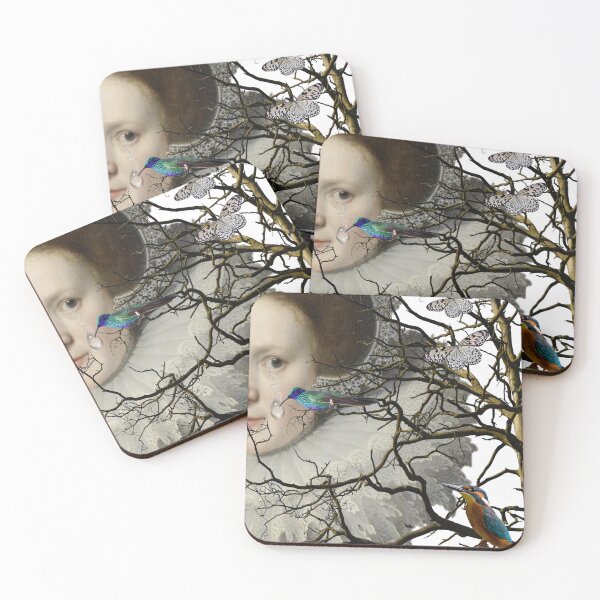 Item preview, Thirsty colibri designed and sold by AWAarts.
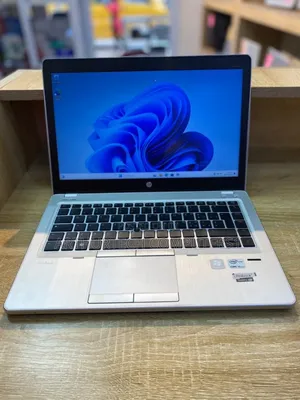 Laptop HP EliteBook Folio 9470M 8GB Intel Core I5 SSD 256GB
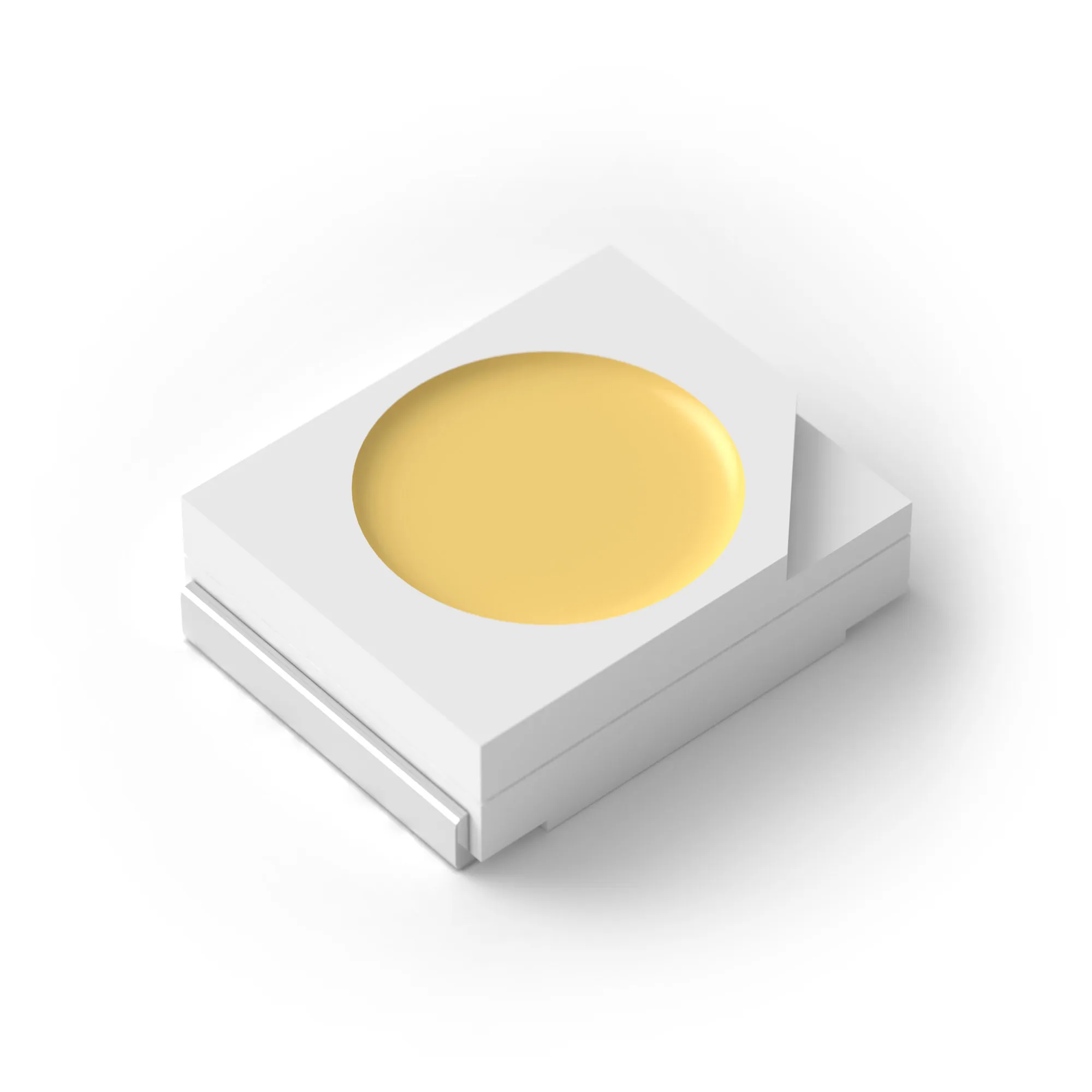 Светодиод AR-3528-SAA-Warm2700-85 (3V, 20mA) (Arlight, SMD 3528 (PLCC2, 1210))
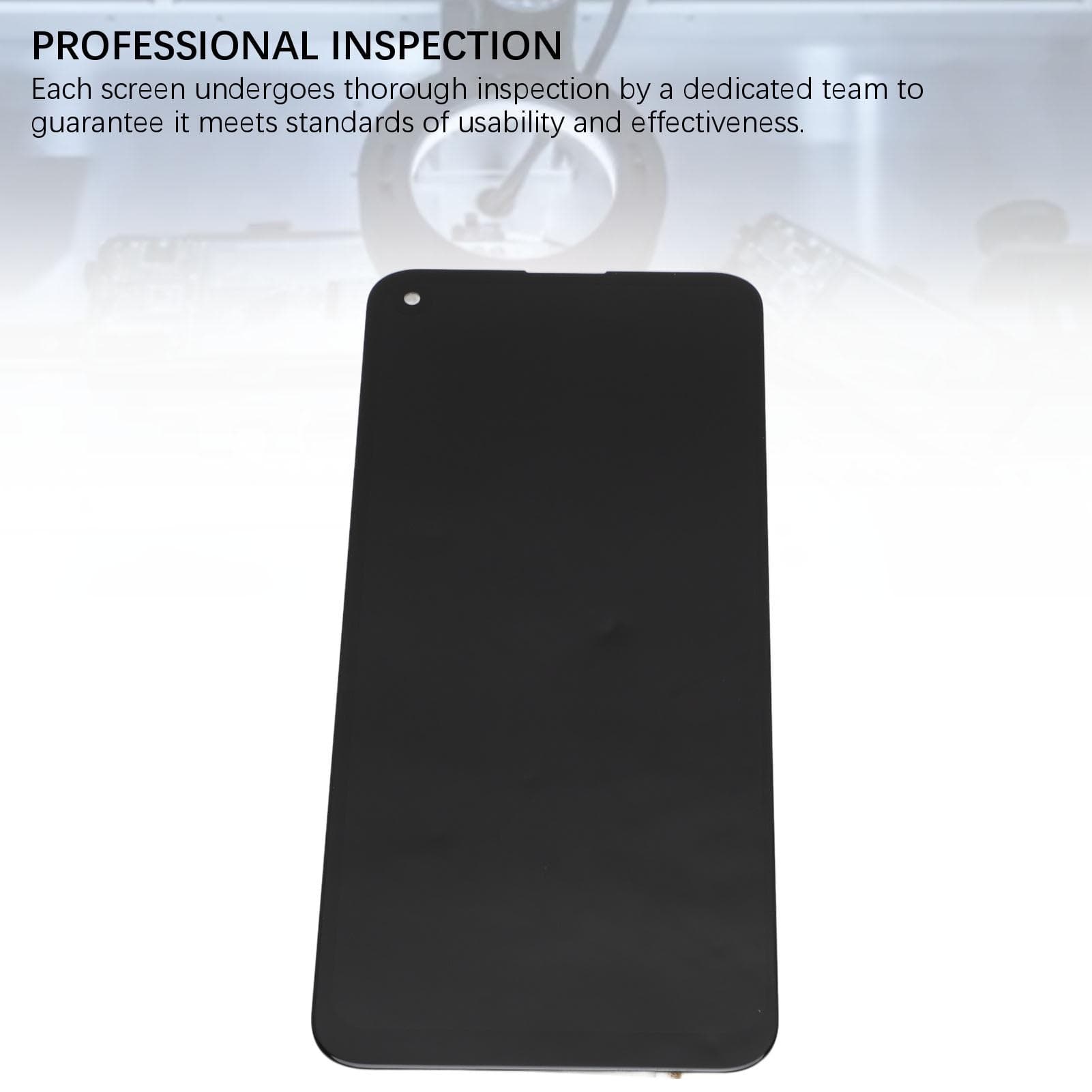 Phone TFT Screen Replacement with Tools Phone Touch Screen Digitizer Assembly for Itel S16 Pro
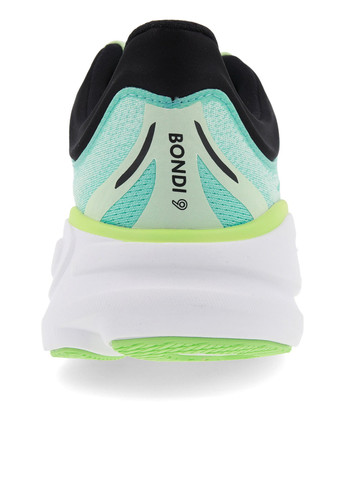 М'ятні Осінні кросівки HOKA BONDİ 9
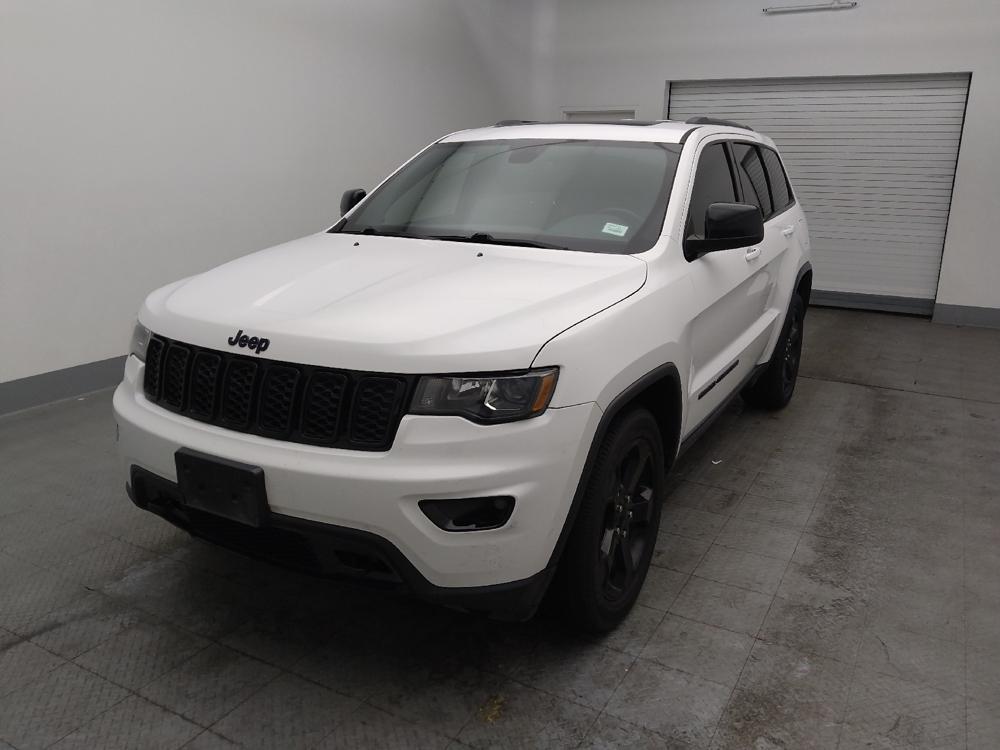 used 2019 Jeep Grand Cherokee car, priced at $18,995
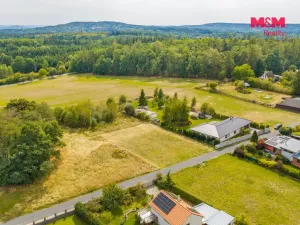 Prodej pozemku pro bydlení, Petříkov, 1500 m2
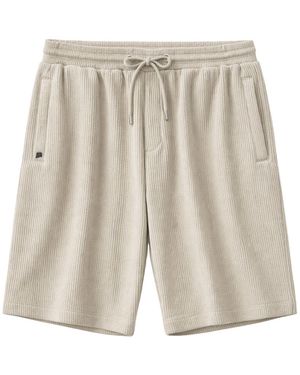 883 Police Shorts Moko - Weiß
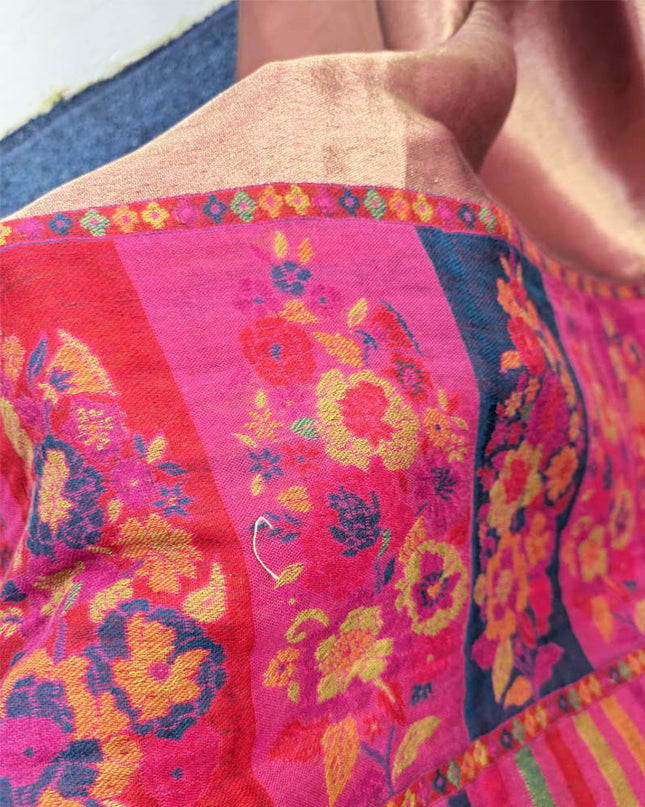 Pure Original  Kani Silk Shawl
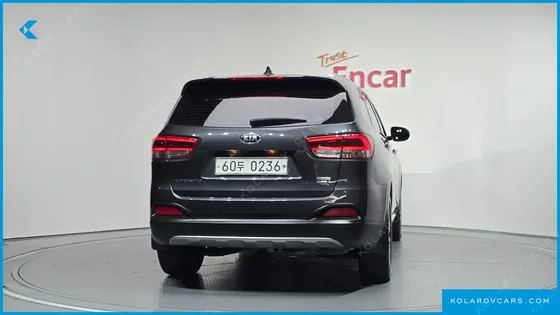 KIA SORENTO DIESEL 2.2 4WD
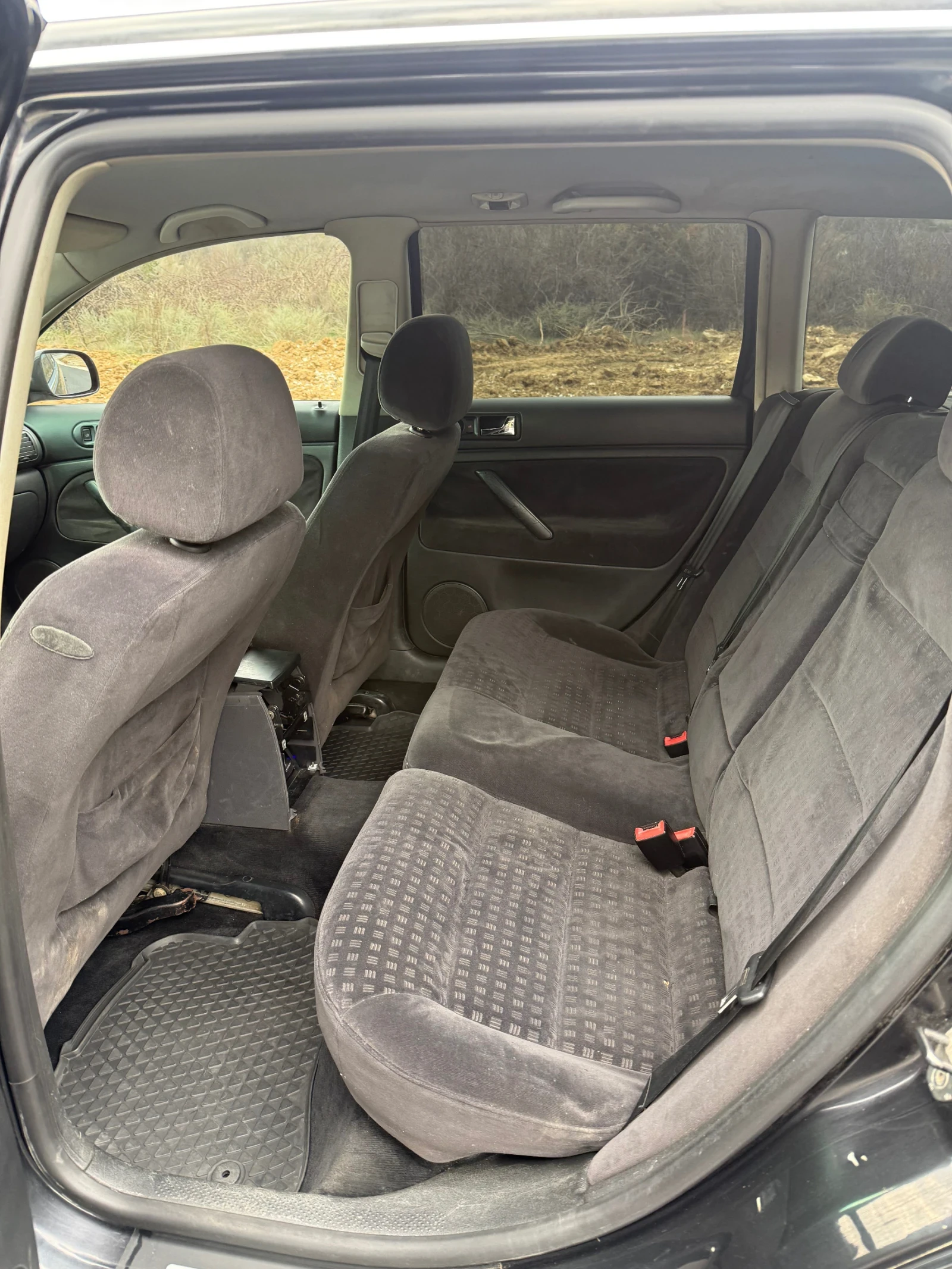 VW Passat VW Passat b5.5, 2.5 TDI, снимка 11 - Автомобили и джипове - 54034610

════

Action item:
Give the lines again exactly, starting where the entries begin and stopping once the line with "Светодиод AR-3528-SAA-Warm2700-85 (3V, 20mA)" is included; pictures are not copied.

Result:
 Item preview, Thirsty colibri designed and sold by AWAarts.
 Laptop HP EliteBook Folio 9470M 8GB Intel Core I5 SSD 256GB
 Светодиод AR-3528-SAA-Warm2700-85 (3V, 20mA) (Arlight, SMD 3528 (PLCC2, 1210))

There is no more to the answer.